Here’s how Paul Greenberg reports the issue to his Arkansas readers:
When one of the Chronicle’s bloggers criticized the current state of Black Studies on campus, she set off a mass protest. At last count, some 6,500 academics had signed a solemn petition demanding that Naomi Schaefer Riley, the blogger in question, be fired. And fired she was. (…) The Chronicle’s editor-in-chief — yes, it actually has an editor, or at least someone styled as such — claimed the blogger was fired not because her opinions were unacceptable but because, in the course of presenting them, she’d cited some of the sillier dissertation titles in the field she was criticizing. Said editor-in-chief didn’t claim the thesis titles were inaccurate. Her sin seems to have been that she’d mentioned them. And when she did, the response from those running the Chronicle was simple. Shut up, they explained.

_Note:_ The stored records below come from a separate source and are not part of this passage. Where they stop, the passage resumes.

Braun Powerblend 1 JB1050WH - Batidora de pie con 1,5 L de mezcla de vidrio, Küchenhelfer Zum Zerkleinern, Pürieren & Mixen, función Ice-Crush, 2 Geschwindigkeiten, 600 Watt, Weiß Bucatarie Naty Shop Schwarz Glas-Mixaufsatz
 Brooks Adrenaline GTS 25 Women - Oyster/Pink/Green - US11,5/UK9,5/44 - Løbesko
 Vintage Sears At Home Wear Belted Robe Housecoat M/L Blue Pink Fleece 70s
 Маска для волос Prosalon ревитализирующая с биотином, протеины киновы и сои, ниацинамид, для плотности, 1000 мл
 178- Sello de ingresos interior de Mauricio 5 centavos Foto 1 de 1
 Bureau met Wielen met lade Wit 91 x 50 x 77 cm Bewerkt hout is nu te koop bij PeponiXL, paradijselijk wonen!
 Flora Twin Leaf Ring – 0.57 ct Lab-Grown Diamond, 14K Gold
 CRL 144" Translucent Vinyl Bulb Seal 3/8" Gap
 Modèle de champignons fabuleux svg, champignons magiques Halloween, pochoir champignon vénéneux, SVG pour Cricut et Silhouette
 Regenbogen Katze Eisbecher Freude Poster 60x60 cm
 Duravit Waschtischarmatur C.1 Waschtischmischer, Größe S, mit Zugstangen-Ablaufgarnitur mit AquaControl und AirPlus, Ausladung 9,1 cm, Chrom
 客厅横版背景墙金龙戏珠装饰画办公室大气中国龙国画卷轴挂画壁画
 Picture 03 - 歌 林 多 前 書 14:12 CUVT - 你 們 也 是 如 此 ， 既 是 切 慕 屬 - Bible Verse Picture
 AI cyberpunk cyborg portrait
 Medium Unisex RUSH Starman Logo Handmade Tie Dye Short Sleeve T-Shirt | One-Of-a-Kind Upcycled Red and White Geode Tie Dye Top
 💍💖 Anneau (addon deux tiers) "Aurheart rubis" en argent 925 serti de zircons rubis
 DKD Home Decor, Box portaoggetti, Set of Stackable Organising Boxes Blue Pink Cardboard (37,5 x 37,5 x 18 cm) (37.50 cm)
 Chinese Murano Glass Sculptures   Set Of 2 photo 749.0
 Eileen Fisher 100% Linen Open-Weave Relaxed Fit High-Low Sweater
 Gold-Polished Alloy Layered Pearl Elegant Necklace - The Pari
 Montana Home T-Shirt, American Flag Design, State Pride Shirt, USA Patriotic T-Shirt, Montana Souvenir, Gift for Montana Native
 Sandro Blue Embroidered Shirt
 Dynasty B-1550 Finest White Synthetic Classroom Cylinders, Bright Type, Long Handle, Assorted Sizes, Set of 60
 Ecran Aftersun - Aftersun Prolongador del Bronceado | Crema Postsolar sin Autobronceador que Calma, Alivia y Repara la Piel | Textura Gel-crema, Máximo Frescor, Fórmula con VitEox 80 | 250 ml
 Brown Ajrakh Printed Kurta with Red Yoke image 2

Naomi Schaefer Riley is scarcely the first observer to note the academic crimes committed in the name of Black Studies. N.B. She wasn’t asserting that the history of black Americans (not to mention the literature, religion and, good Lord, the music of Black America!) isn’t worth teaching. On the contrary, she was demanding that it be taught well.
There’s barely a shred of truth in Greenberg’s rant. Riley wasn’t criticized for “mentioning” thesis titles but for attacking scholars without having read – indeed without having the slightest clue about – their work. Neither is it true that she only demanded the history of black Americans to be “taught well” – her very title calls for “Eliminating Black Studies”. It is interesting to note that Greenberg in his own column doesn’t even quote any of the dissertation titles. If they were so obviously silly, why not entertain his readers? The answer is obvious – these topics are actually quite unoffensive. Black midwifery? Black republicanism? Black housing? Sounds just like the sort of subjects that Black Studies scholars would be studying. If these are the best examples of “academic crimes” the critics of Black Studies can come up with, they better shut up.
Are these studies good scholarship? You’d have to read them to tell. That anybody, especially somebody like Greenberg who wants to be taken seriously as a conservative writer, would insist that you can judge a specialized scholarly publication by its title seems hard to believe but it’s actually standard operating procedure in the right-wing campaign against science (e.g. Greenberg’s attack on the NSF). Remarkable in this case is the level of blatant dishonesty exhibited by Greenberg, in addition to ignorance and know-nothingness.
The Chronicle finally stated: We now agree that Ms. Riley’s blog posting did not meet The Chronicle’s basic editorial standards for reporting and fairness in opinion articles. As a result, we have asked Ms. Riley to leave the Brainstorm blog.
Does the Democrat-Gazette have any basic editorial standards for reporting and fairness in opinion articles? The answer is, of course, no. Greenberg did not violate any editorial standards because his opinion page doesn’t have any. He was only caught shamelessly lying.